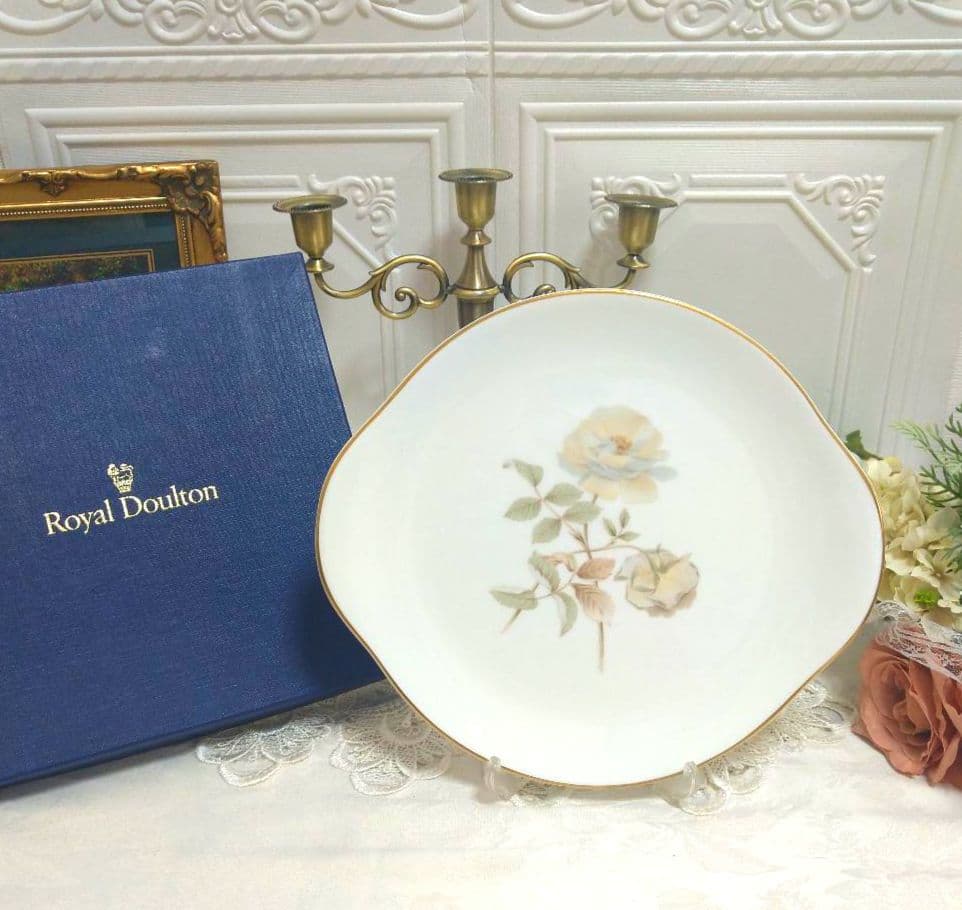 新品箱入　イギリス製　ロイヤルドルトン　ヨークシャーローズ　BBプレート 薔薇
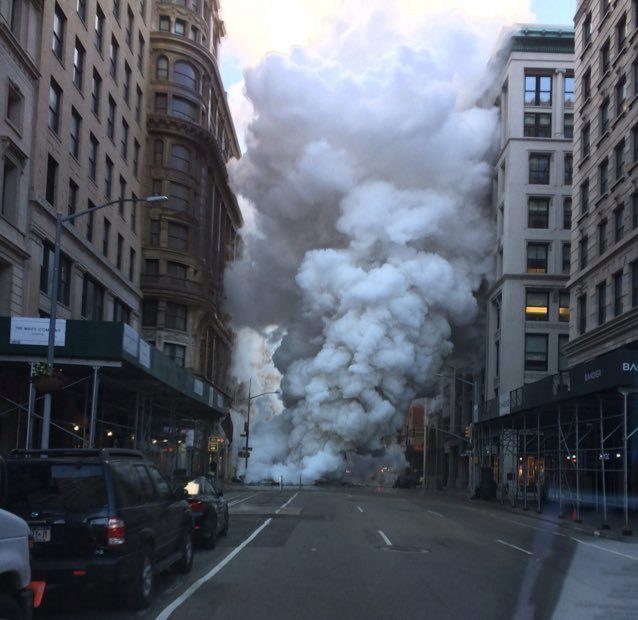 Explosión de tubería de vapor en Manhattan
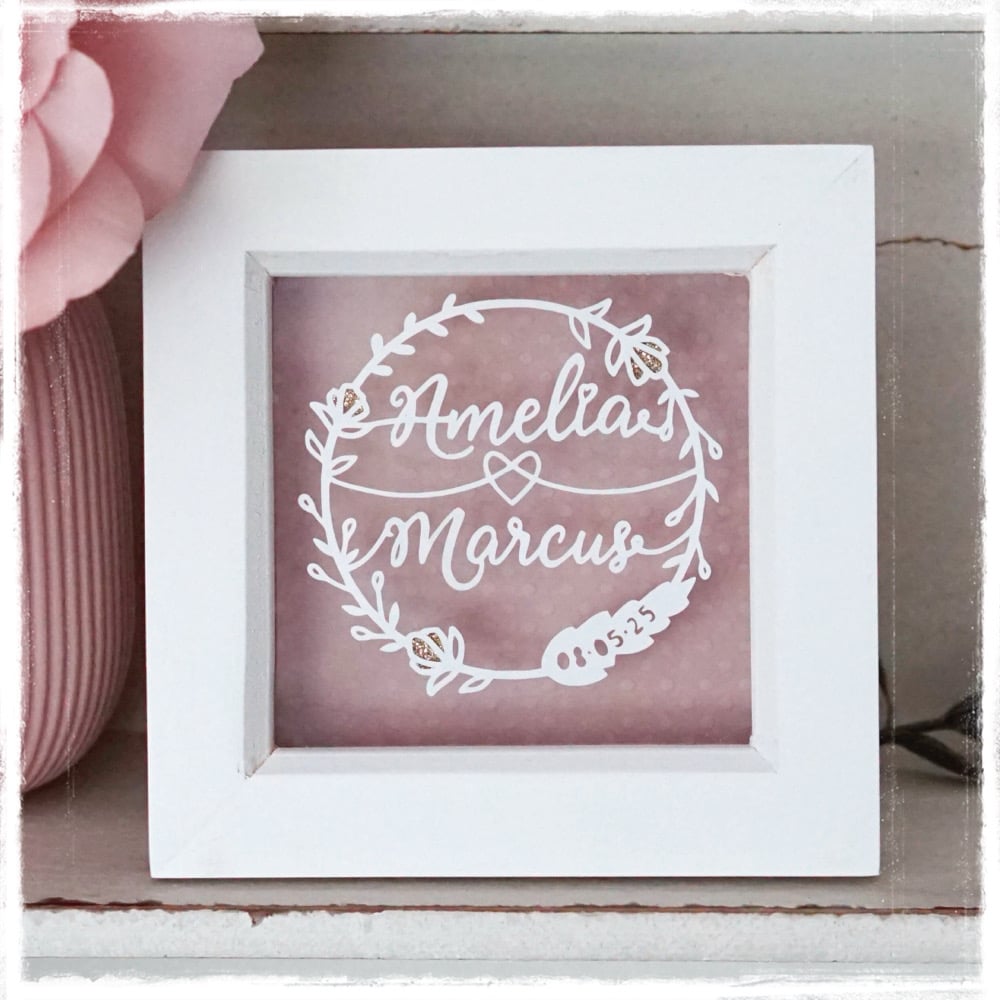 Image of Dainty Wreath - small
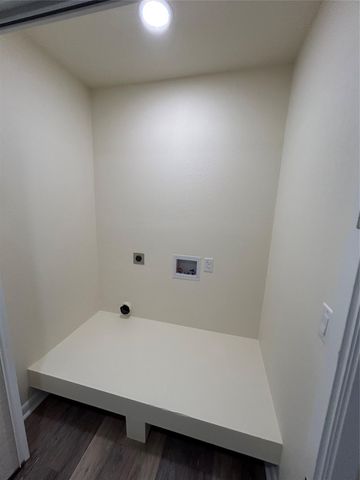 100 Bay Point DR 8, Horseshoe Bay, TX 78657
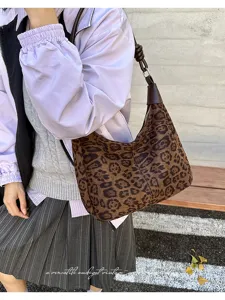 Luipaardprint suède schoudertas voor dames, grote capaciteit vintage hobo tas voor dagelijks.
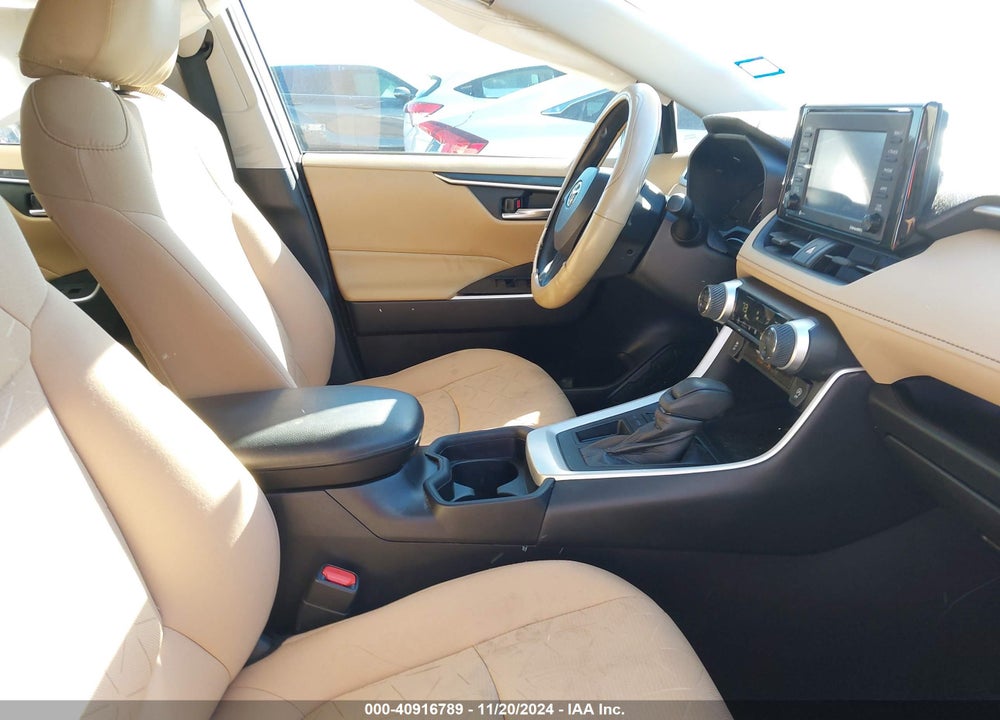 2021 TOYOTA RAV4 XLE VIN: 2T3W1RFV1MC130533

====================

- Exercise
Please set down, exactly and with nothing added, the lines from the line with "Luipaardprint suède schoudertas" to the end of the entries above, omitting pictures.

- Your response
 Luipaardprint suède schoudertas voor dames, grote capaciteit vintage hobo tas voor dagelijks.
 2021 TOYOTA RAV4 XLE VIN: 2T3W1RFV1MC130533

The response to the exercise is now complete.